--- Data for analysis Enclosed Below ---
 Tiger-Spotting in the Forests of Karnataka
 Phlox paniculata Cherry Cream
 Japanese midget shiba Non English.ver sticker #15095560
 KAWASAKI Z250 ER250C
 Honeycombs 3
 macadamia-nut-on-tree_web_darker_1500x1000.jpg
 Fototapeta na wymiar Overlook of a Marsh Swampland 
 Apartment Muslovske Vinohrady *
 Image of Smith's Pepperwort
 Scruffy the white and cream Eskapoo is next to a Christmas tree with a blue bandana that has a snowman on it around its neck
--- End of Enclosed Data for analysis ---
Repeat the data in full, keeping each word exactly as it is.

### Answer to the exercise:
 Tiger-Spotting in the Forests of Karnataka
 Phlox paniculata Cherry Cream
 Japanese midget shiba Non English.ver sticker #15095560
 KAWASAKI Z250 ER250C
 Honeycombs 3
 macadamia-nut-on-tree_web_darker_1500x1000.jpg
 Fototapeta na wymiar Overlook of a Marsh Swampland 
 Apartment Muslovske Vinohrady *
 Image of Smith's Pepperwort
 Scruffy the white and cream Eskapoo is next to a Christmas tree with a blue bandana that has a snowman on it around its neck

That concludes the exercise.